*Input records*
◆ ◆ ◆
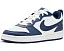 Nike Kids Court Borough Low Next Bloom кроссовки для детей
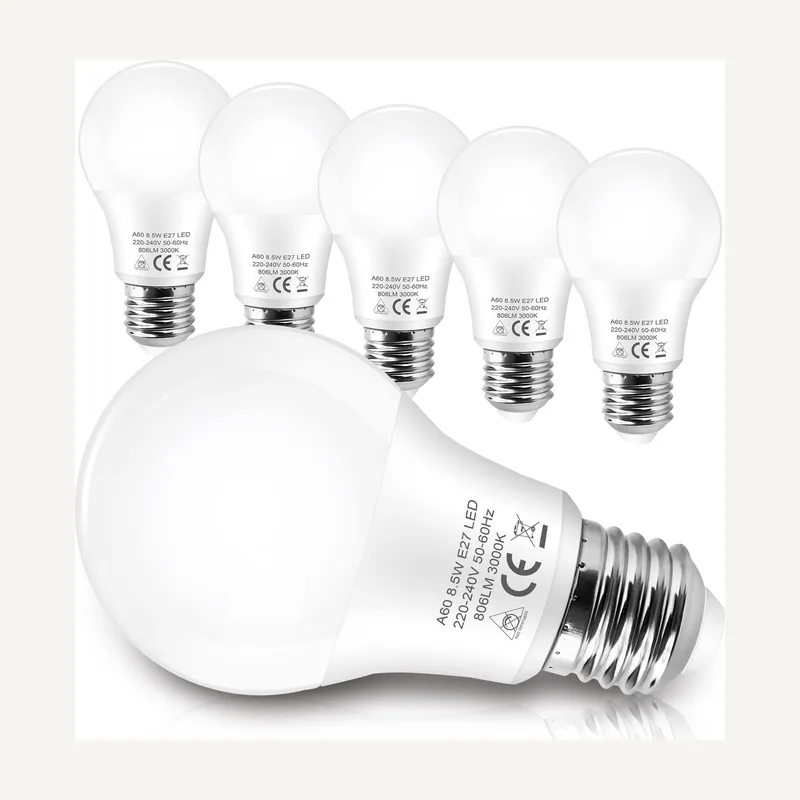 Inovexia LPYL-LF101-8W-E27-3D — الكهرباء والكابلات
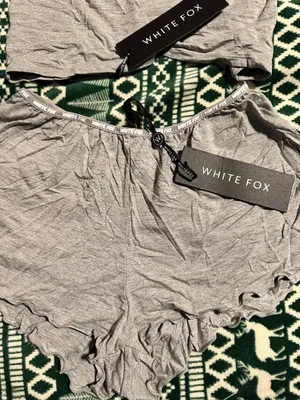 White Fox Boutique Pajama Set thumbnail 4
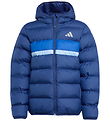 Doudoune adidas Performance - J SD JKT - Bleu
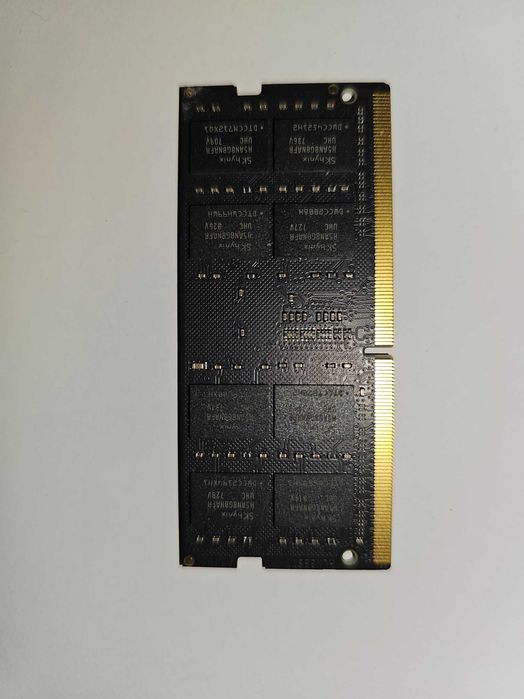 Memória RAM SODIMM 16Gb DDR4 Solid para portátil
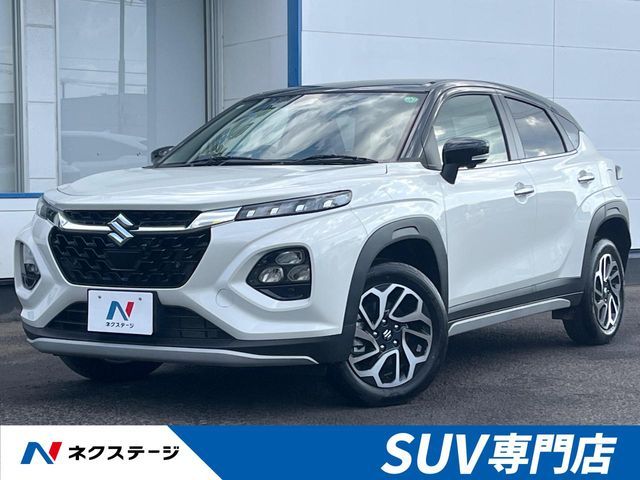 SUZUKI FRONX 2024
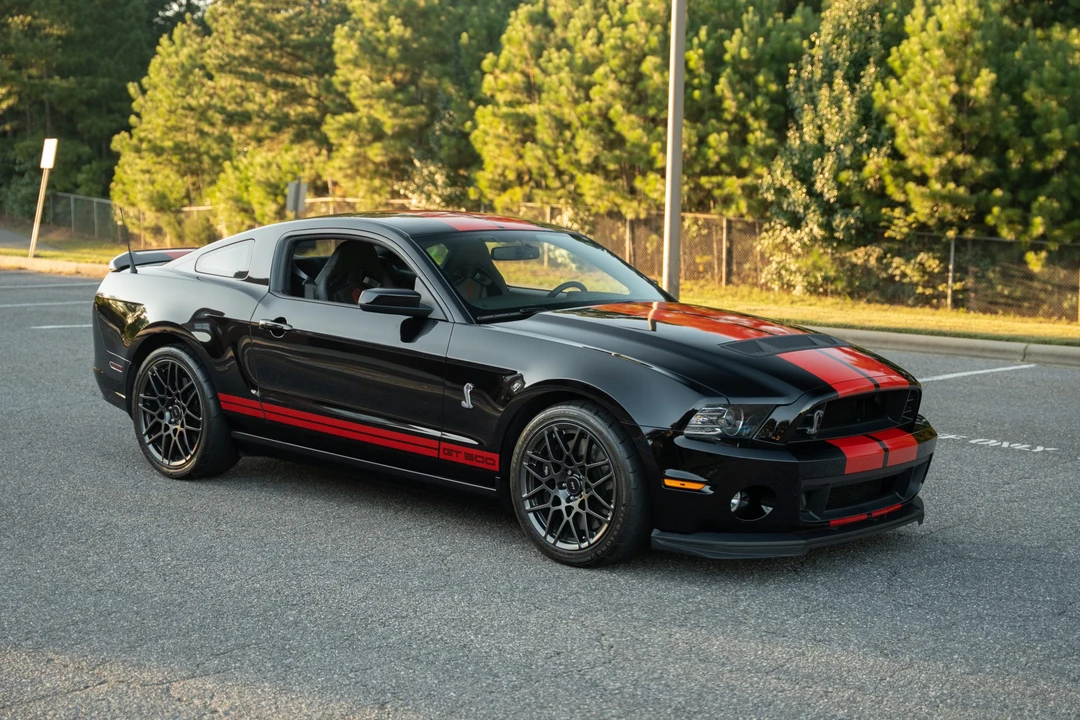 2014 Ford S197 II Shelby Mustang GT500 - Image 16 of 31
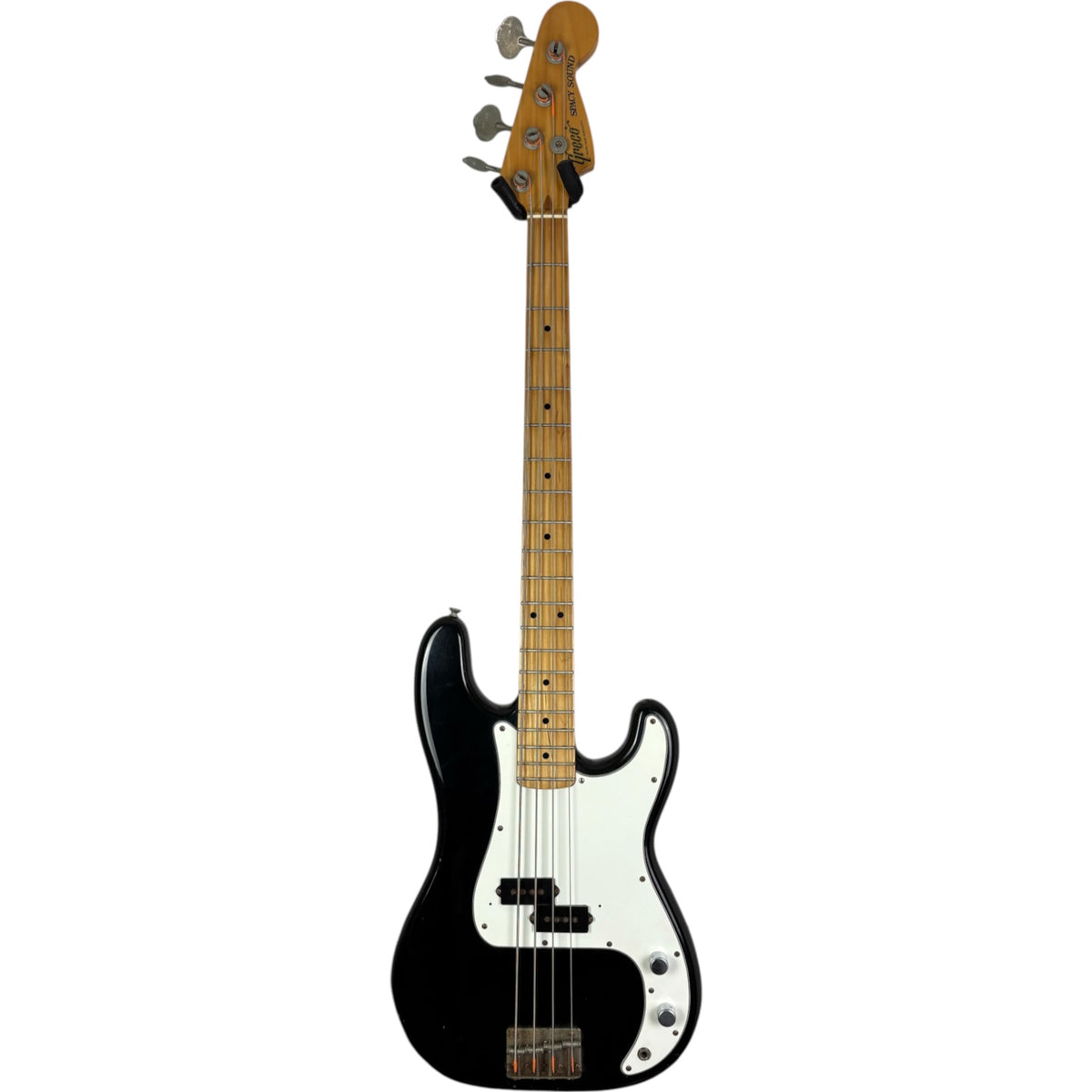 Greco PB450 Spacy Sound Precision Bass 1981 - Black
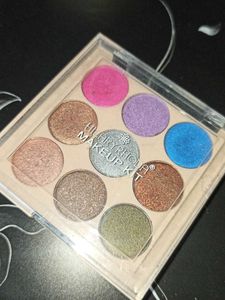 Highlighter Eyeshadow Palette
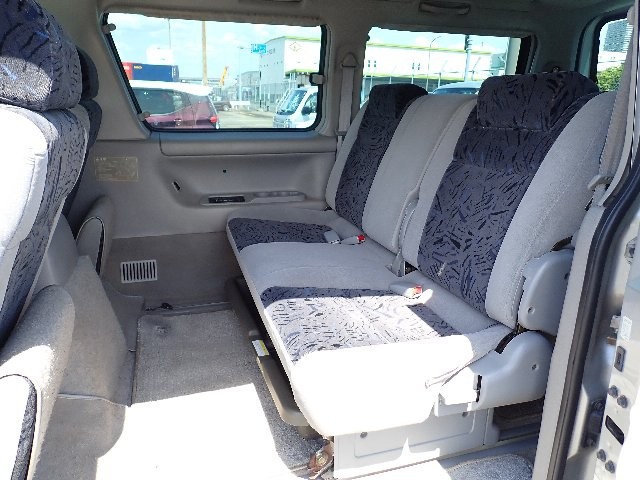 MAZDA BONGO FRIENDEE 2002 Image 21
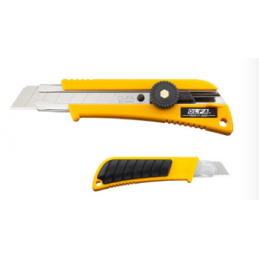 CUTTER EXTRADURO OLFA MANGO...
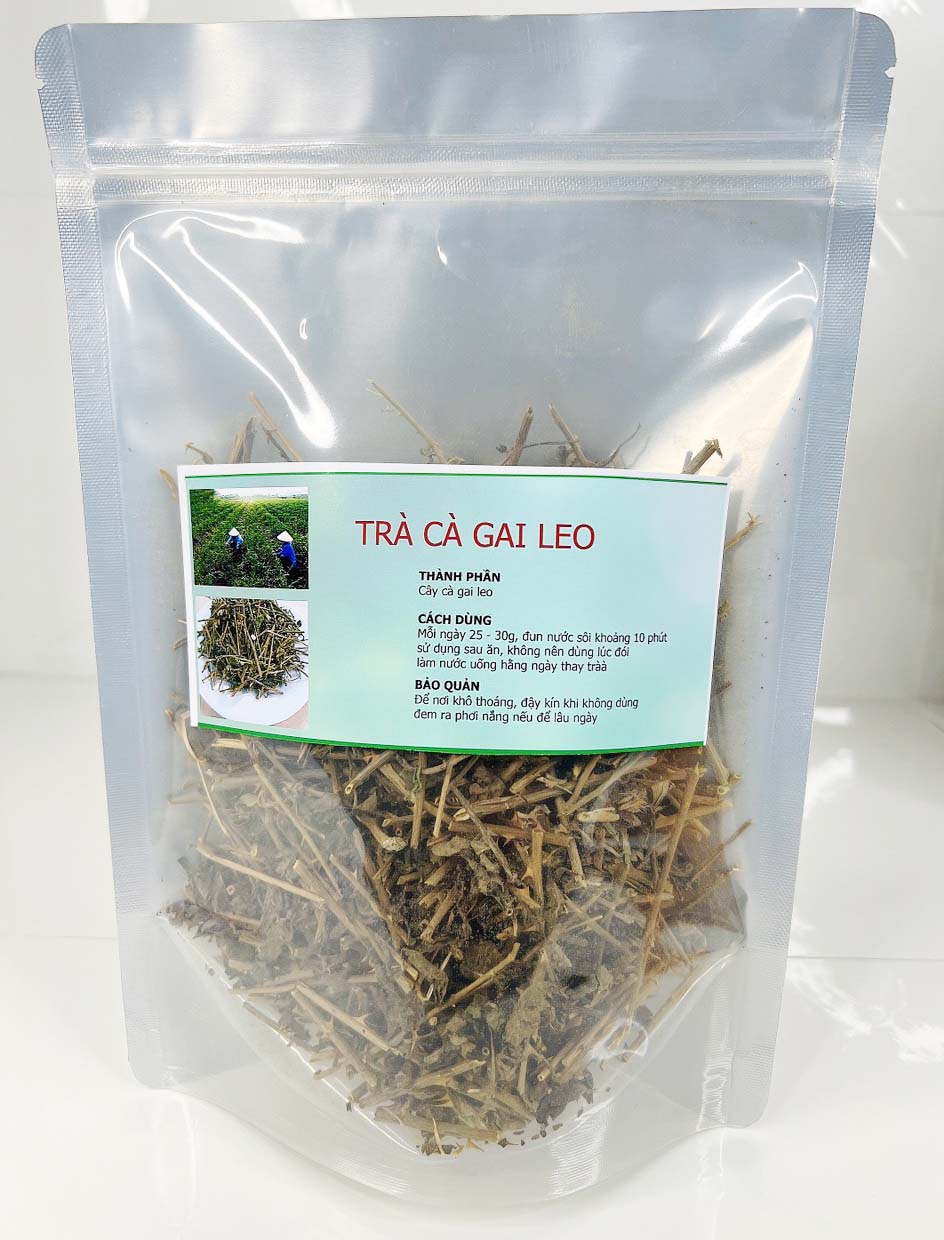 Trà Cây cà gai leo ( Cây cà gai leo khô) Sản phẩm hữu cơ tự nhiên 1kg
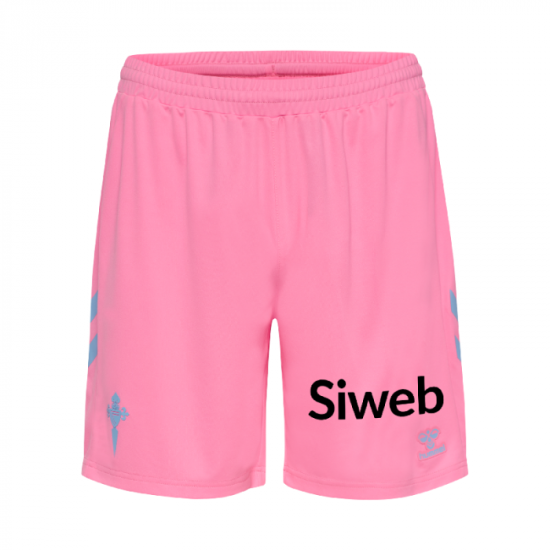 Herren Celta Vigo 2025/26 Ausweichshorts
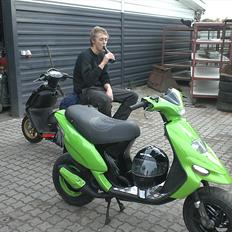 Gilera Stalker Custom Skjolde ! TIL SLAG !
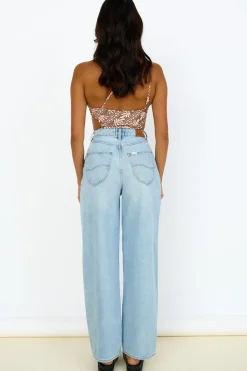 Pants|Jeans>Lee High Baggy Jean Delirium
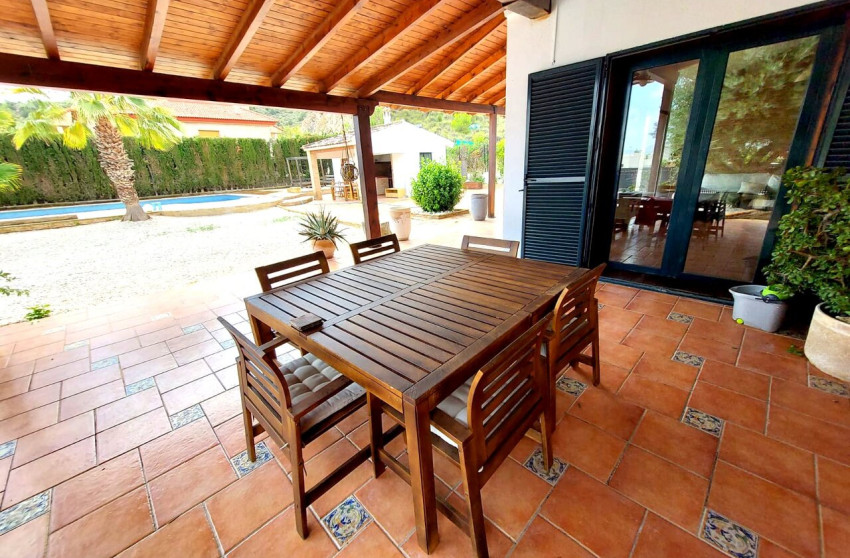 Herverkoop - Villa -
Murcia - Inland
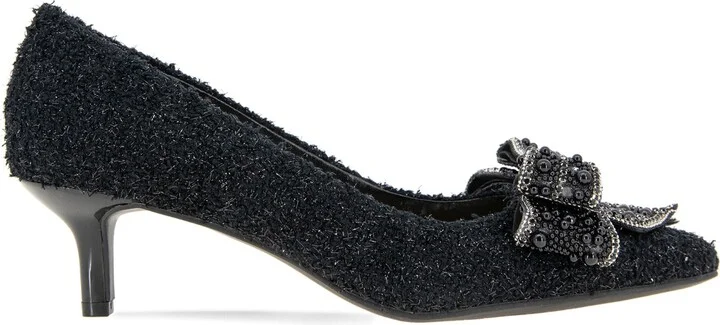 Dovi 2 Pointed Toe Pump - Image 10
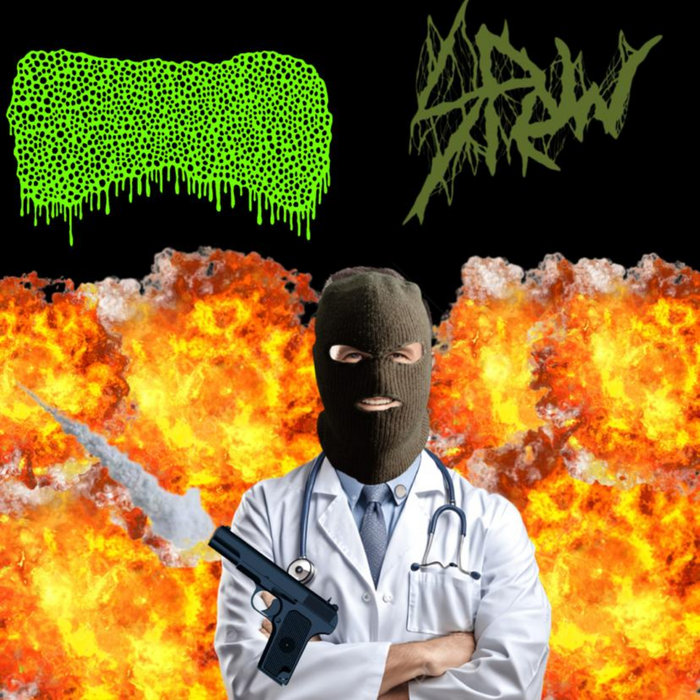 Split With Spew Lymphoedema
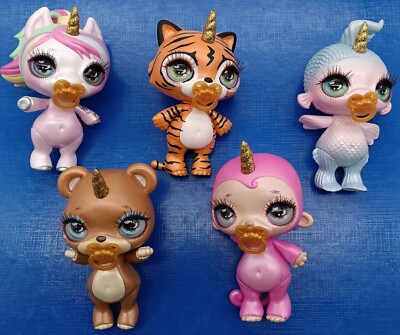 Glitter Babyz Unicorn Doll Konvolut Nr. 3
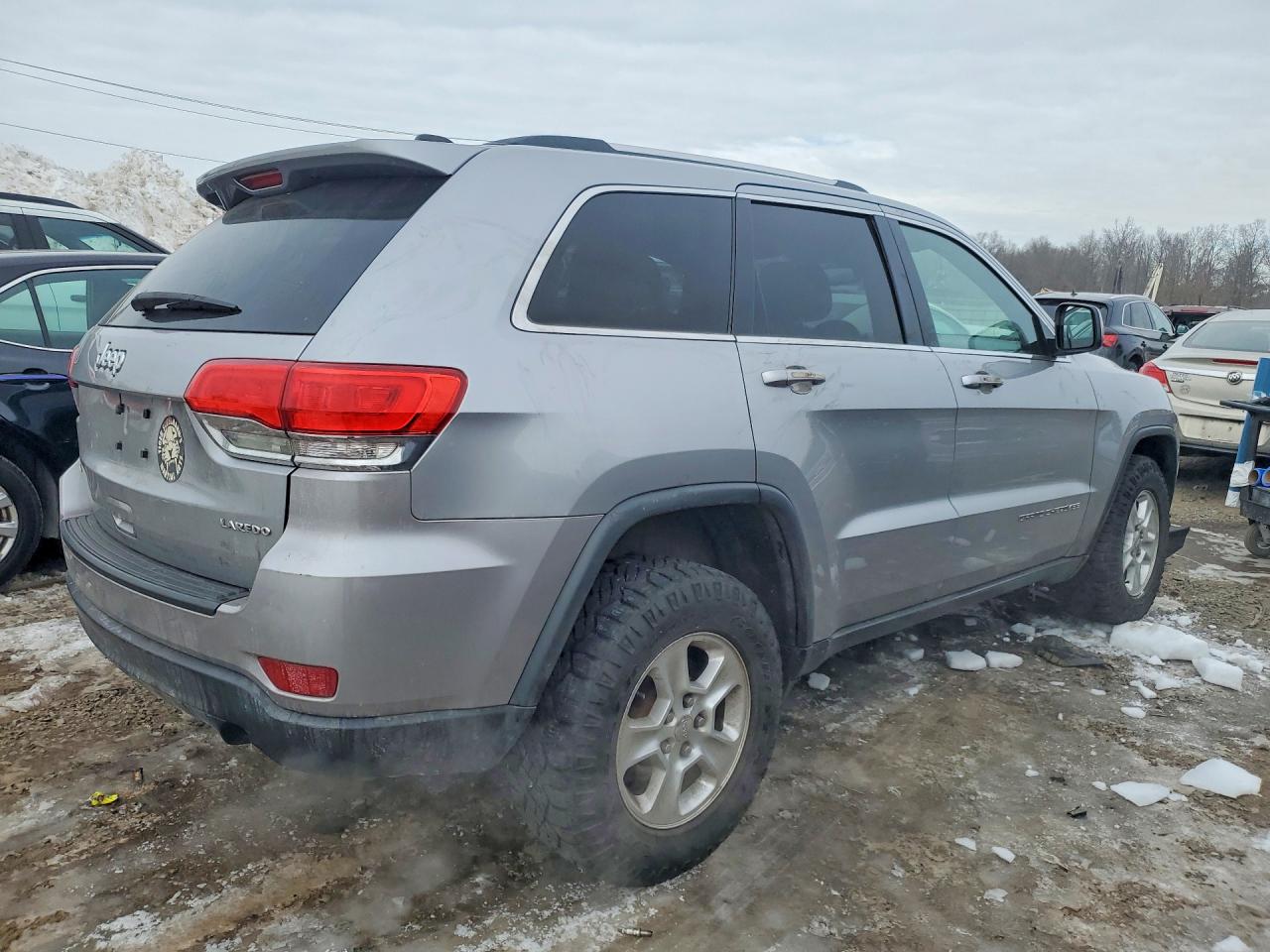 2014 JEEP GRAND CHEROKEE LAREDO photo 5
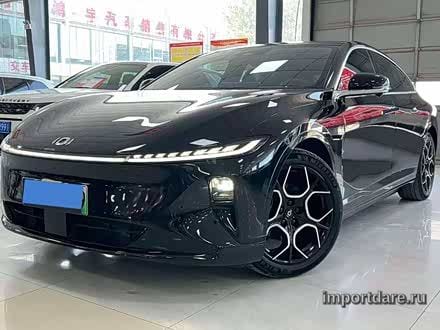 Changan Qiyuan A07 2024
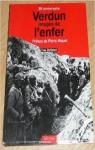 La Premire Guerre mondiale, tome 1 : Verdun images de l'enfer par Buffetaut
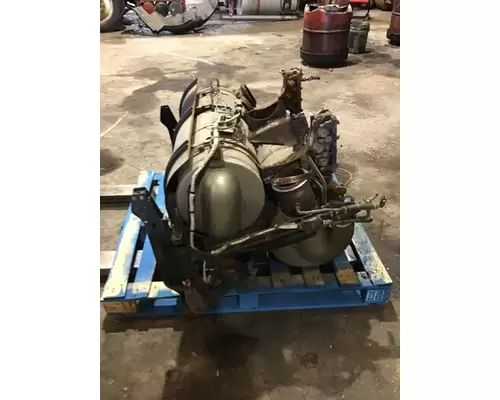 CUMMINS ISX15 DPF ASSEMBLY (DIESEL PARTICULATE FILTER)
◆ ◆ ◆
*What is being asked*
From the records above, copy only the lines running from the line holding "Gilera Stalker Custom Skjolde ! TIL SLAG !" through the line holding "Glitter Babyz Unicorn Doll Konvolut Nr. 3", with no pictures.

*Answer*
 Gilera Stalker Custom Skjolde ! TIL SLAG !
 Pants|Jeans>Lee High Baggy Jean Delirium
 Herverkoop - Villa -
Murcia - Inland
 Dovi 2 Pointed Toe Pump - Image 10
 Split With Spew Lymphoedema
 Glitter Babyz Unicorn Doll Konvolut Nr. 3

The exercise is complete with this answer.